▶ Exercise aim
In the records below, find the line with "OPPO Find 5" and repeat it and every line after it, exactly, without any pictures.

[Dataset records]
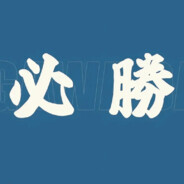 乱七八遭的操作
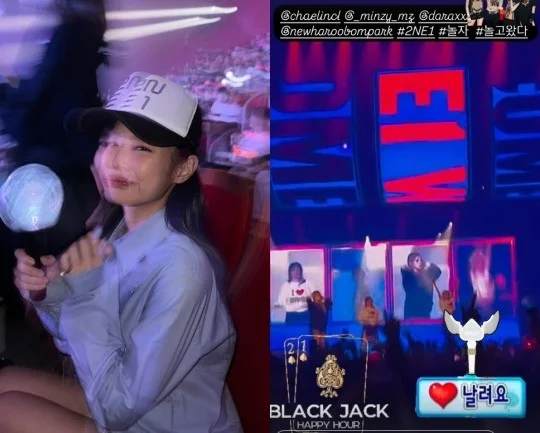 jennie g-dragon 2ne1-1-100724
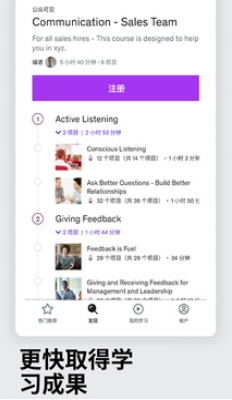 Udemy优领思学习平台,Udemy优领思学习平台最新下载 Udemy优领思学习平台截图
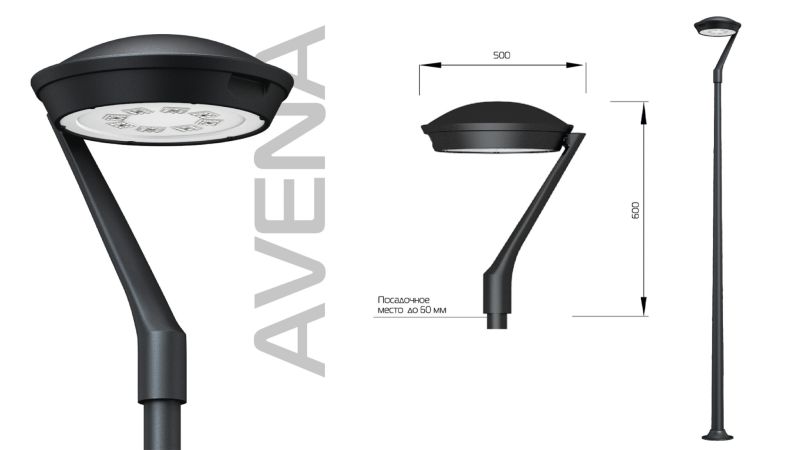 Светильник Авена Арт (Avena Art)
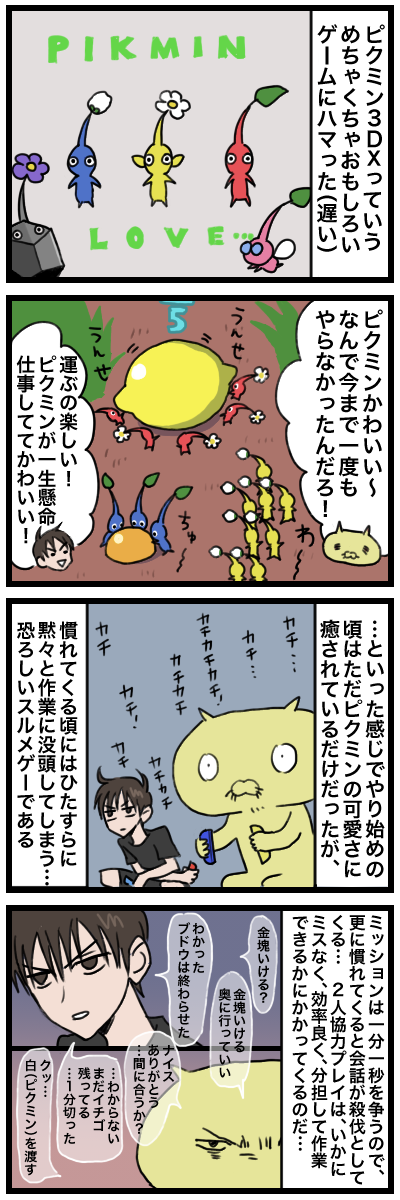 blog00029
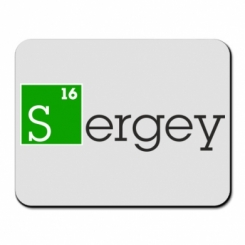     Sergey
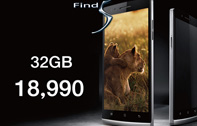 OPPO Find 5 ความจุ 32GB เตรียมวางจำหน่ายในไทย เมษายนนี้ เคาะราคา 18,990 บาท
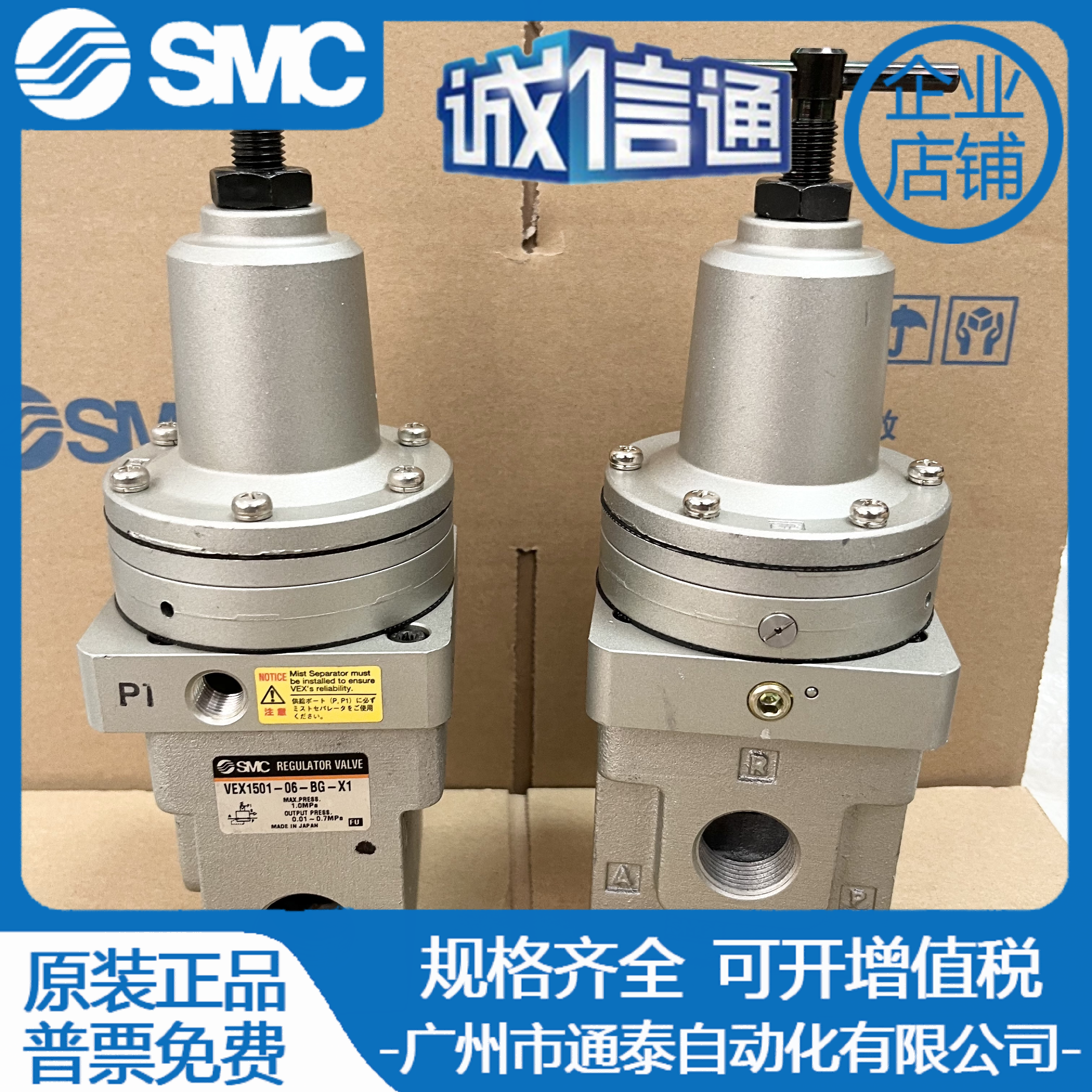 SMC brand new original fitted solenoid valve VEX1501-06-BG-X1 spot fake one penalty ten-Taobao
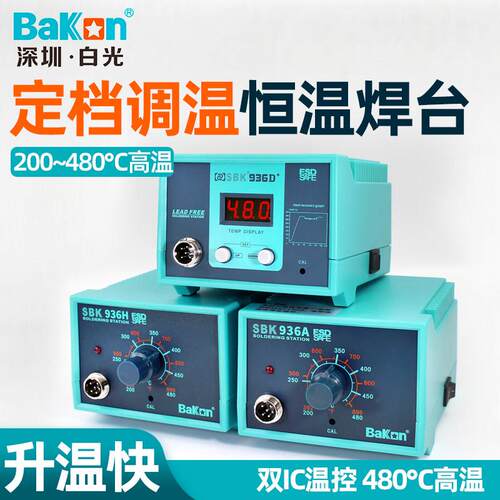 BAKON白光电烙铁焊台恒温可调温60W电子焊接维修工具SBK936B A H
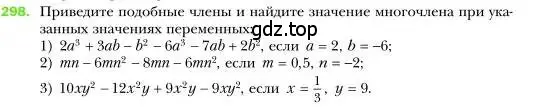 Условие номер 298 (страница 60) гдз по алгебре 7 класс Мерзляк, Полонский, учебник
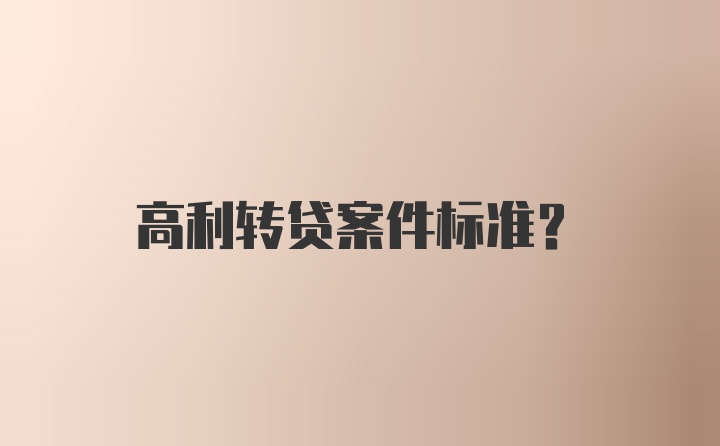 高利转贷案件标准？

▶ Response to the exercise
 OPPO Find 5 ความจุ 32GB เตรียมวางจำหน่ายในไทย เมษายนนี้ เคาะราคา 18,990 บาท
 SMC brand new original fitted solenoid valve VEX1501-06-BG-X1 spot fake one penalty ten-Taobao
 BAKON白光电烙铁焊台恒温可调温60W电子焊接维修工具SBK936B A H
 Условие номер 298 (страница 60) гдз по алгебре 7 класс Мерзляк, Полонский, учебник
 高利转贷案件标准？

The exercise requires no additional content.